Originally commissioned April 2015
Moroccans’ lifestyles, along with their shopping trends, have been changing in recent years. A new generation of malls has enjoyed great success. In 2014, the country’s largest malls welcomed millions of visitors, Morocco Mall received 17 million, Al Mazar 5 million and le Carré Eden 3 million. These spaces have attracted people from all socio-professional backgrounds.

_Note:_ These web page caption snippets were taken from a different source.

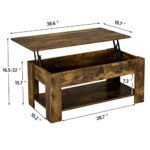 YAHEETECH Rustic Lift Top Coffee Table w/Hidden Compartment & Storage Space – Lift Tabletop for Living Room Furniture, Rustic Brown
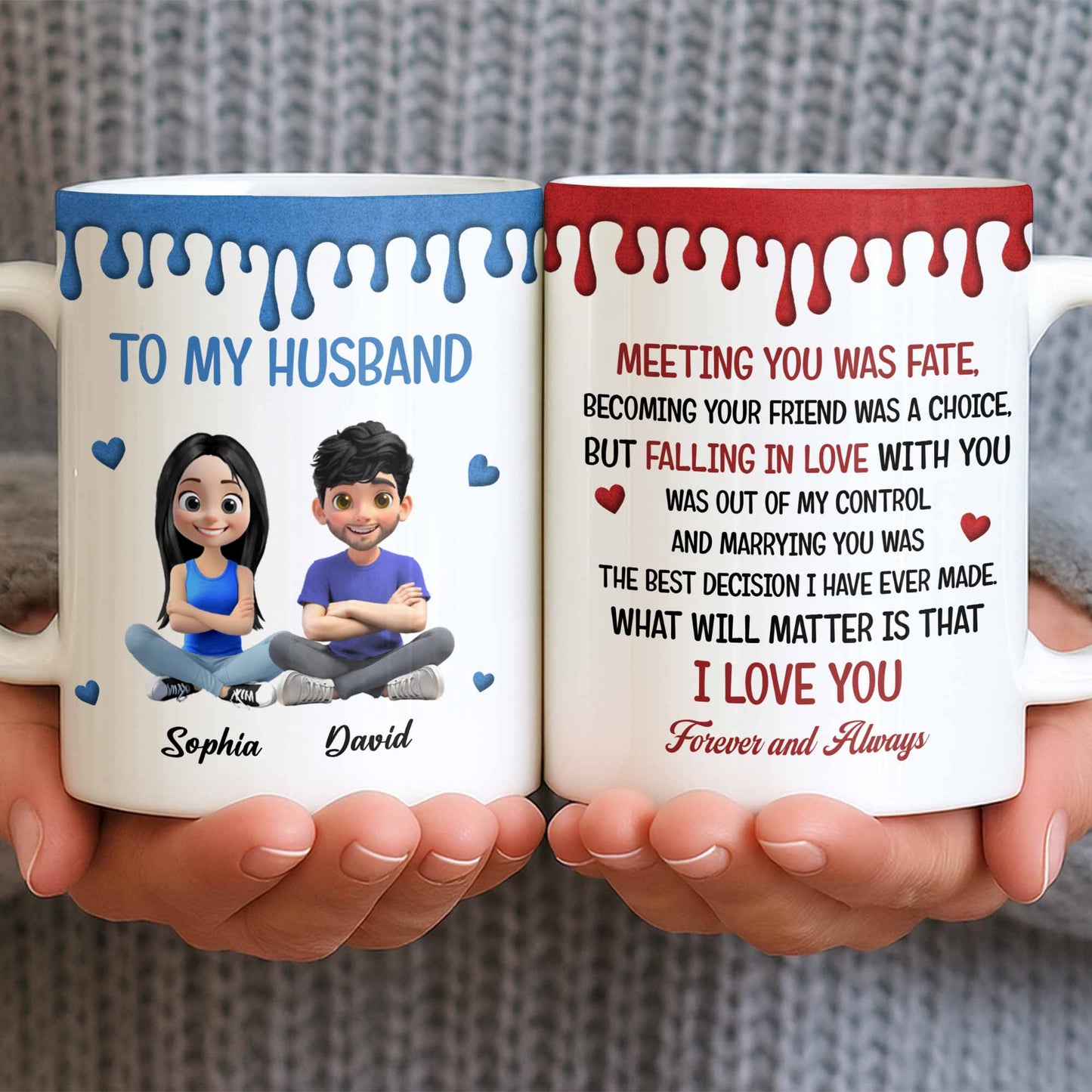 To My Husband, Meeting You Was Fate, Cartoon Couple - Personalized Custom Coffee Mug - CPL1209_MG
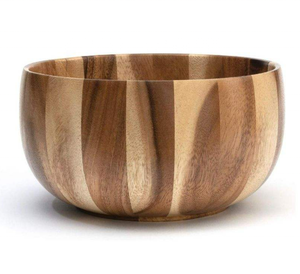 Bol à salade en bois d'acacia jetable grand format, populaire et à prix réduit, idéal pour la cuisine domestique - Product Image 1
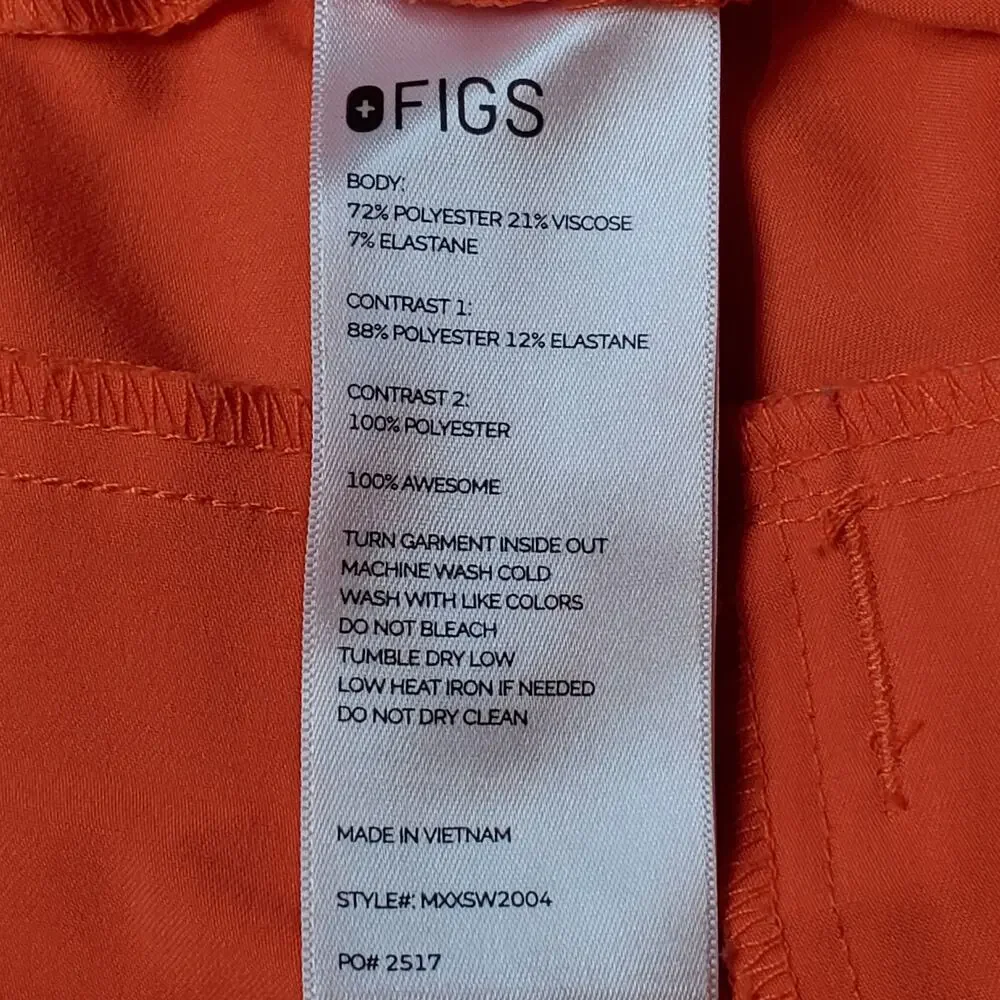 Figs Men's Size XS Tansen Jogger Slim-Fit Scrub Pants Orange MXXSW2004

The North African market for large shopping complexes is still relatively untouched and has drawn increasing interest from investors. Tangier’s recently established free trade zone has seen strong investor uptake, whilst Casablanca has leveraged its chic reputation to position itself as the premier shopping destination in North Africa. The Carrefour Group recently invested $80m into the Moroccan market with its Label’Vie franchise. Another actor driving the sector is the Aksal Group, which has been bringing several high-end brands to the country since 2004. Monoprix Tunisia is set to open 15 shops in the country. In addition, a large Moroccan chain, Marjane, is now expanding abroad, intending to open branches in Côte d’Ivoire, Senegal, Gabon, Mali and Tunisia. Moroccan companies across the board are increasingly looking to Sub-Saharan Africa to expand, reflecting the health of the country’s retail sector.
The retail sector remains however characterized by local souks, or markets, and the informal sector still dominates the market, as it traditionally has done. Moreover, poor infrastructure in rural areas, disproportionately high land prices, are obstacles to modernization of the retail sector. With 1,151 souks dotted across the country, these are still the places that the majority of Moroccans shop. Between 2009 and 2012, the government introduced a fund, Rawaj VISION 2020, which provided incentive to retailers to modernize and for itinerant traders to settle. A growing middle class, now 30% of the population, and strong economic growth have driven domestic consumption, benefiting the retail sector, now representing 12.8% of the country’s economy, and 13% of the workforce.